Memento mori: remember you must die.

His father had told him, before he was old enough to understand what it meant.
Sherlock always thought it sounded lovely. Latin was like that.
The way the sounds flowed over one another.
It was like music.

When he was old enough to find out what it meant, it didn't lose any of the beauty or appeal.
He often wondered why Latin was a dead language. It was so pretty.
So he kept the phrase close to his heart.
Lived by it.

Sherlock forgot that life was about balance, about light and dark, life and death.
He was shocked to find the other half of his motto.
It sounded just as pretty.
He loved it.


Memento vivere: remember to live.

John loved it.
He'd first read it in university.
Latin was all over medical textbooks, and he'd become intrigued.
Other Latin phrases appealed to him, and this one was no exception.

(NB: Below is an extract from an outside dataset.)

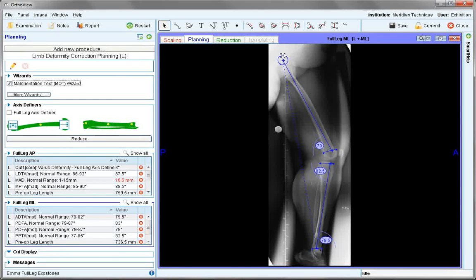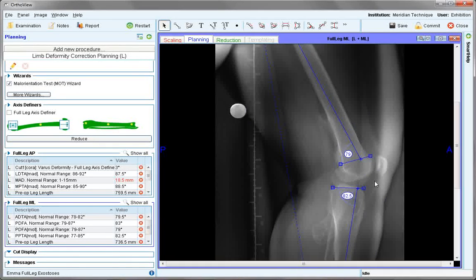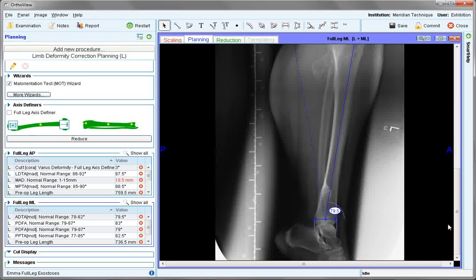The femoral head is centred, positioned with the axis line a third of the way across the condyles, and across the tibial plateau with this line being approximately one fifth of the way across the plateau, allowing for assessment of the anatomical axis. The ankle is also identified.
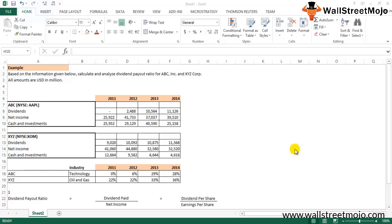Some investors prefer companies with high potential for capital gains, while others prefer companies that pay high dividends. The dividend payout ratio helps each class of investor identify which company to invest in. It also provides an indication of a company's future growth potential. For investors interested in high-growth companies, a high dividend payout ratio may not be a good sign. The ratio should be analyzed in context with industry norms and other ratios such as dividend yield ratio or P/E ratio.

Perfect for the doctor.

He was shot.
It reminded him why he lived by it. (Then made him forget.)
When he came home, he couldn't listen to it. Couldn't remember why he had.
How was he supposed to remember to live when death was always waiting in the wings?

Life wasn't alone.
Death always travelled close behind.
When John met Sherlock, they both found the perfect balance of the two.
Sherlock reminded him that they'd have to die, and John reminded him not to forget to live first.